In the emerging field of biotechnology, the inability to distribute among investors risks inherent in biotechnological research and development is considered to be the main obstacle to commercialization and technological breakthroughs in the industry. If information technology facilitates the future development of financial products that subdivide and distribute risks in an efficient manner, it would be possible for the industry to collect funds from ordinary inventors and accelerate timely high-risk investments in research and development on a larger scale, without waiting for budgetary support from the government. Consequently, expanded risk-control abilities are indispensable to the creation of new industries.

Moreover, an economy that handles risks as commodities has the potential for bringing far-reaching benefits and changes to economic life. The conceptual separation between consumption and ownership of goods and services and the radical changes in employment patterns may bring about social and political changes that would match the changes in social structure in the first half of the 20th century.

Based on these factors, the global economy of the 21st century will be led by the fusion of information technology and financial technology, which I notate "IT + FT."

Base IT, FT on workmanship

If the global economy is in a long-term development stage, what does it mean to Japan's structural reform efforts?

First, it should be noted that the reconstruction of the financial sector, including the disposal of bad loans, is indispensable to the long-term development of Japan's economy.

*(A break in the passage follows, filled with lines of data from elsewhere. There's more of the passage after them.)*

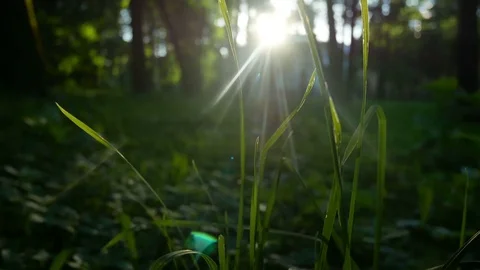 Green nature summer sun Stock Footage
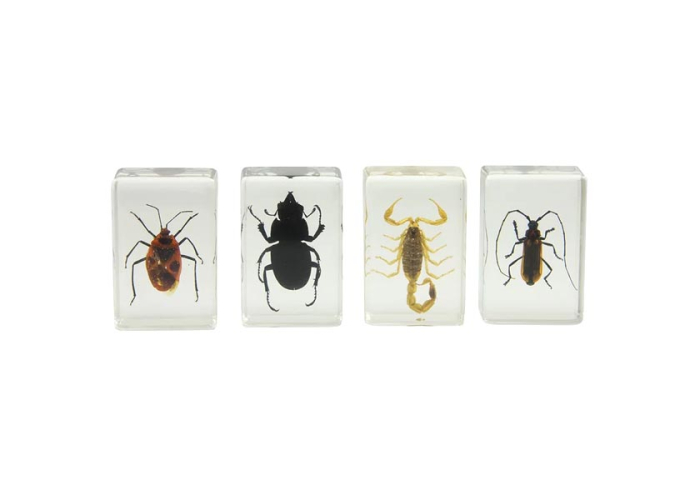 Celestron 3D Bug Specimen Kit # 1 | Price Chat!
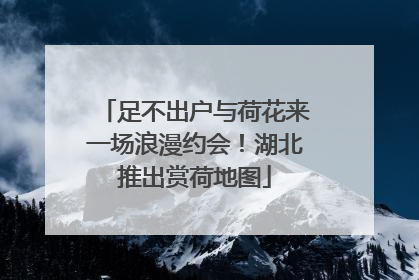 足不出户与荷花来一场浪漫约会！湖北推出赏荷地图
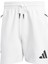 Sportswear JJ4893 Z.N.E. Shorts 5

Some experts maintain that the financial industry will not recover because there is no promising borrower to start a new industry, but this view is too static. There will be no other way for Japan to progress than to develop new risk-control approaches that encourage high-risk investments and make the financial sector the driving force behind the Japanese economy. It is not that the emergence of new industries will procure new borrowers for financial systems; instead, the enhancement of the risk-control capability of the financial industry will promote the development of other industries.

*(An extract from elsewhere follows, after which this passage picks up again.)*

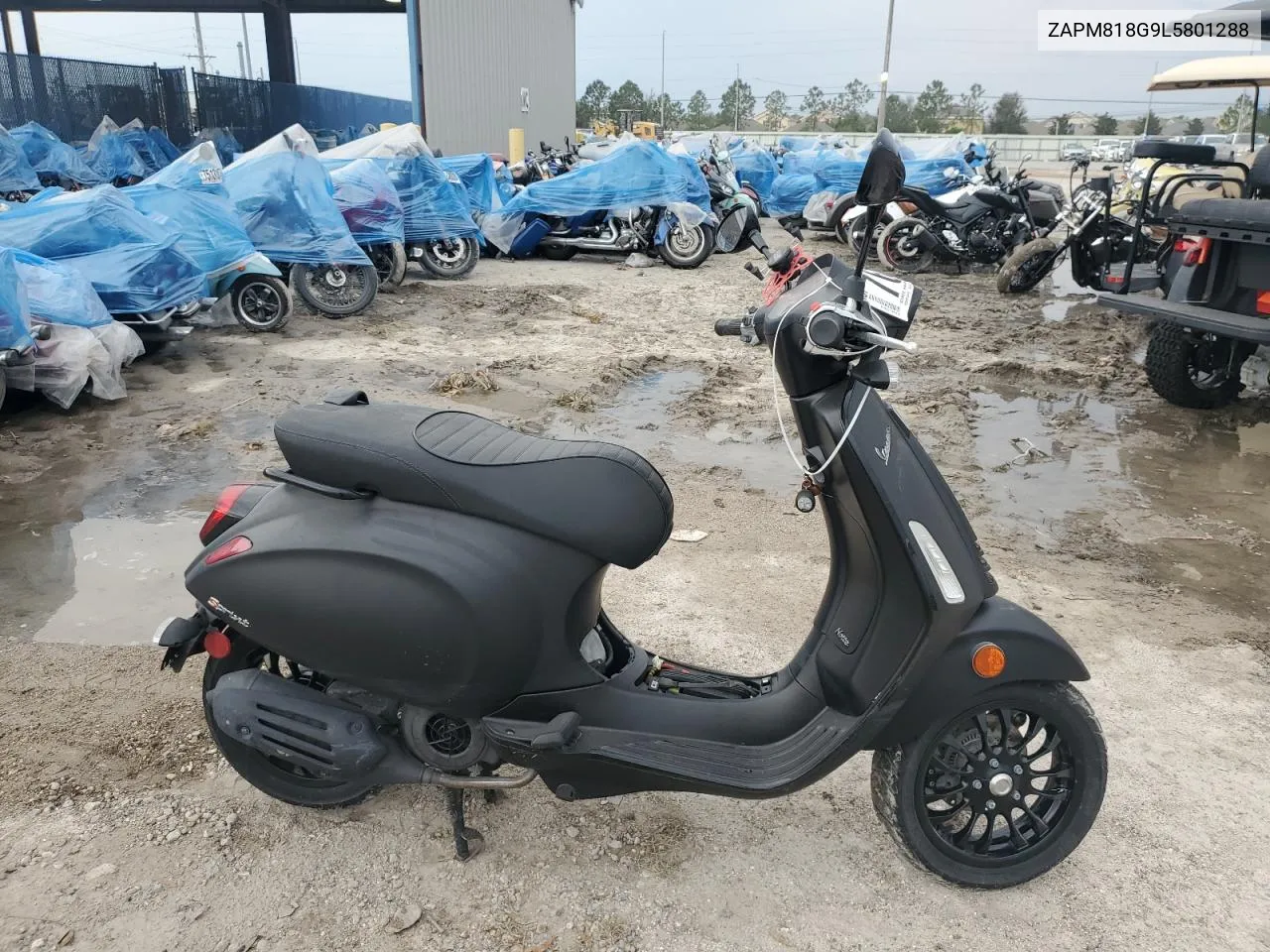 2020 Piaggio Motorcycle VIN: ZAPM818G9L5801288 Lot: 76509924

The second point of discussion concerns workmanship in the Japanese culture. According to a common view, today's highly advanced financial technology is a huge crapshoot under modern capitalism and not suited to the Japanese, who work in groups in an orderly manner. Nonetheless, we should remember that manufacturing, a sector where the Japanese are extremely well versed, was once too a world of speculators or gamblers. Once modern manufacturing methods were established, Japanese demonstrated the spirit of workmanship, from their tradition in agriculture, in the manufacturing industry. They have succeeded in meeting the needs of customers worldwide by providing exquisitely manufactured goods. The role of Japan in the global economy of the 21st century should be to exercise the same level of delicacy and refinement in the manufacture of risk products as the country demonstrated in the preceding centuries. To fulfill this role, Japan needs to catch up with the times until a production method based on IT + FT is established, maximizing the workmanship of the Japanese people. In my view, Koizumi's structural reforms are part of this effort.